Gather Strength as You Go Along
It wasn’t until 3 AM when we staggered out of Golden Gate Park and onto the Presidio. We’d covered twenty miles, but it was difficult to see that as a great achievement when the mist was blowing out from the Pacific into our faces in the chilly pre-dawn and we still had over thirty miles to go. I was running with two Green Bay based members of My Team Triumph, a non-profit dedicated to exposing the disabled to athletic events. We pushed a empty running stroller to signify those who couldn’t make it that day. As part of the SF Marathon’s charity outreach, we hoped to use our 9 hour, 52.4 mile run to raise awareness for the great things My Team Triumph was doing and that the boundaries of what we view as possible are further than we believe.

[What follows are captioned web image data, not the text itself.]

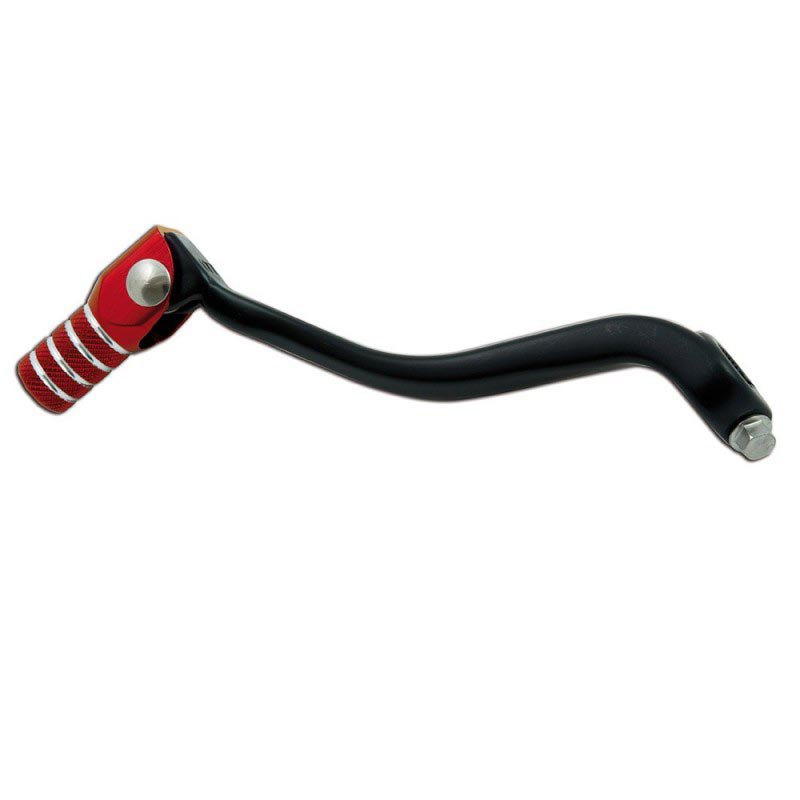 Folding Shift Lever - Red Tip - RC-GSL-H02-RED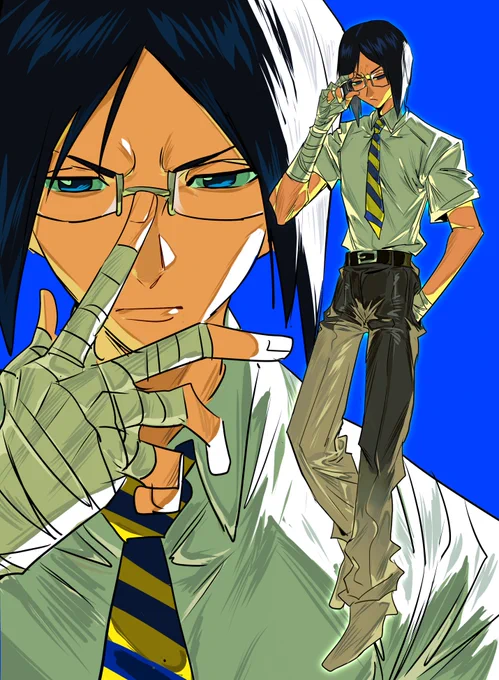 #bleach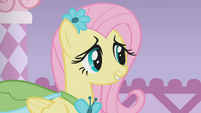 Fluttershy "It's nice" S1E14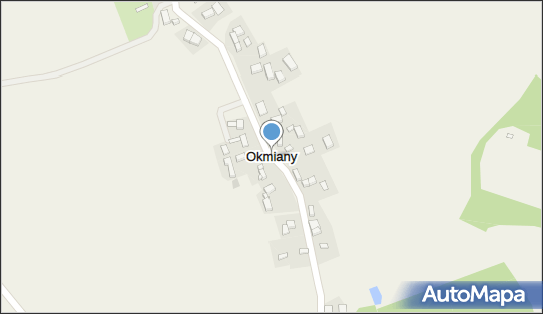 Okmiany, Okmiany, Okmiany 59-225 - Inne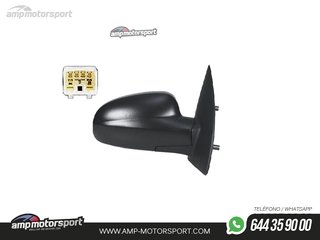 RETROVISOR COMPLETO DERECHO PARA CHEVROLET KALOS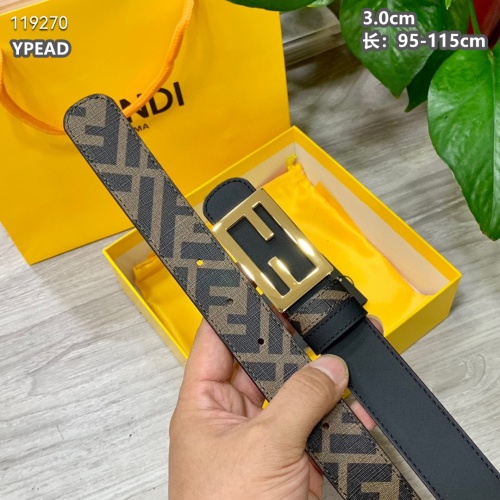 Cheap Fendi AAA Quality Belts For Women #1084479 Replica Wholesale [$56.00 USD] [ITEM#1084479] on Replica Fendi AAA Quality Belts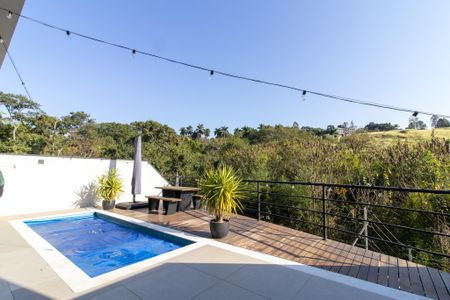 Casa de condomínio à venda com 215m², 3 quartos e 4 vagasÁrea comum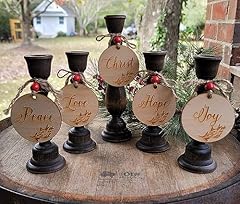 Advent candle holder for sale  Delivered anywhere in USA 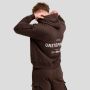 Unstoppable Hoodie Brown - GymBeam XXXL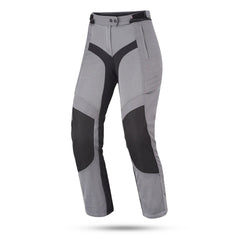 SHIMA JET LADY IMPERMEABLE PANTALONI DI MOTO GRIGIO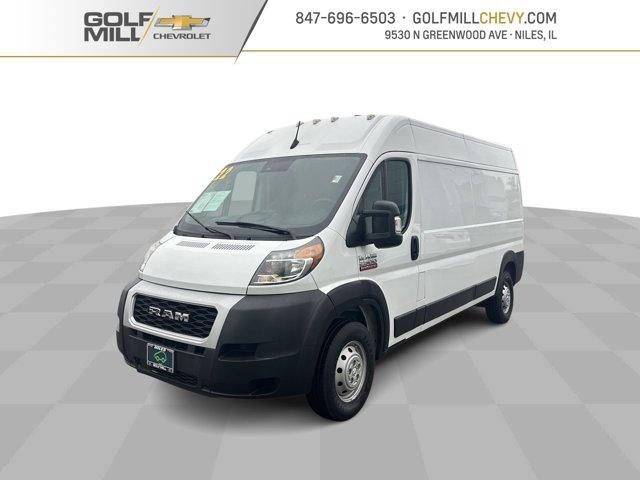 used 2022 Ram ProMaster 2500 car, priced at $40,223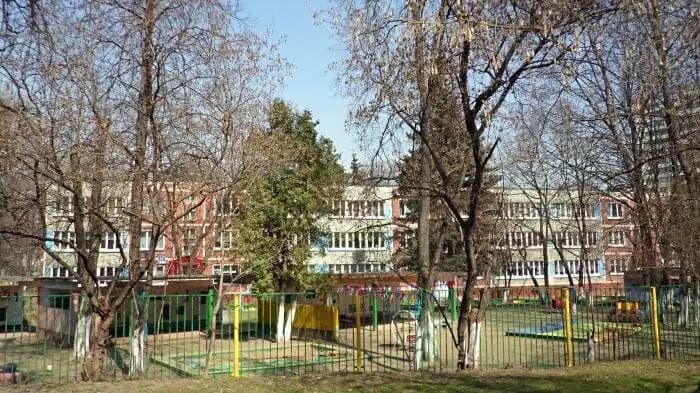Школа № 625, дошкольный корпус Созвездие — фото 3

The 52.4 ultra-marathon runs the SF Marathon course twice. The first half starts at midnight. Runners complete the course backwards. After reaching the Embarcadero, participant run the second marathon with everyone else. As we came down the hill from the Golden Gate Bridge onto Crissy Field, I saw two pairs of dim headlights in the distance. In front of them, thirty young women, all dressed in blue and jogging in two ragged, yet persistent lines. Some had pictures on their backs, others carried flags. This was Team Wear Blue, Run to Remember, a running community built to honor the sacrifices made by the military. Nearly all of these women had lost someone close to them in combat, many were combat veterans themselves. Faced with an emotional burden which seemed unbearable, they’d taken it upon themselves to meet a physical challenge which also seemed impossible; they would run fifty miles that morning between several military resting places in San Francisco.
We broke from the women and arrived at the start of the marathon as the sun was starting to break over the horizon. On our own crooked legs we crawled back over the morning smells of Fisherman’s Wharf and through the Marina. Running over the Golden Gate Bridge, I saw a pack of runners with their heads up and shoulders back, all wearing bright red shirts with white eagles. This was Team RWB, a group which helps vets transition back into civilian life by replicating a physical environment filled with camaraderie. I spotted a few friends of mine on the time and went for high fives which felt like I was high fiving a brick wall and almost sent me stumbling back into the runners behind me.
The rest of my double marathon was a blur. Completely by chance we found a world renowned ultrarunner who’d run down onto the course from Marin and was just socializing and logging some miles. I can’t tell you very much about the bands in Golden Gate Park or the cheerleaders waving banners in the Haight and asking me why the good ones always ran away. I do know that I’d started running with about six people in the morning and I’d finish with thousands.
When I sat down for my first course in military history, an instructor told me that militaries are reflections of the societies they defend. Since that course, I’ve run marathons in the west, south, and east of the US as well as in two other countries. What other days do we get out of our homes and run together? What makes a community and what helps us feel like we belong to one? How many opportunities do we have in our lives to not only try and break one of our own limits and socialize that we are? That we have a chance to raise money and awareness for causes we care about?
I left the military to come to San Francisco not knowing what I’d find. I think what made it a home for me were the passionate people I met and their willingness to fight for the causes they believed in. Where else could I meet some vikings from Wisconsin and run through the night with them? Where else can Team RWB make a partnership and get vets back onto their feet and eating up miles? Where else do ghostly figures in blue come out of the night and struggle together pacing into the dawn? In these things, the ancient motto of the ultrarunner: Vires Acquirit Eundo- It Gathers Strength as it Goes Along.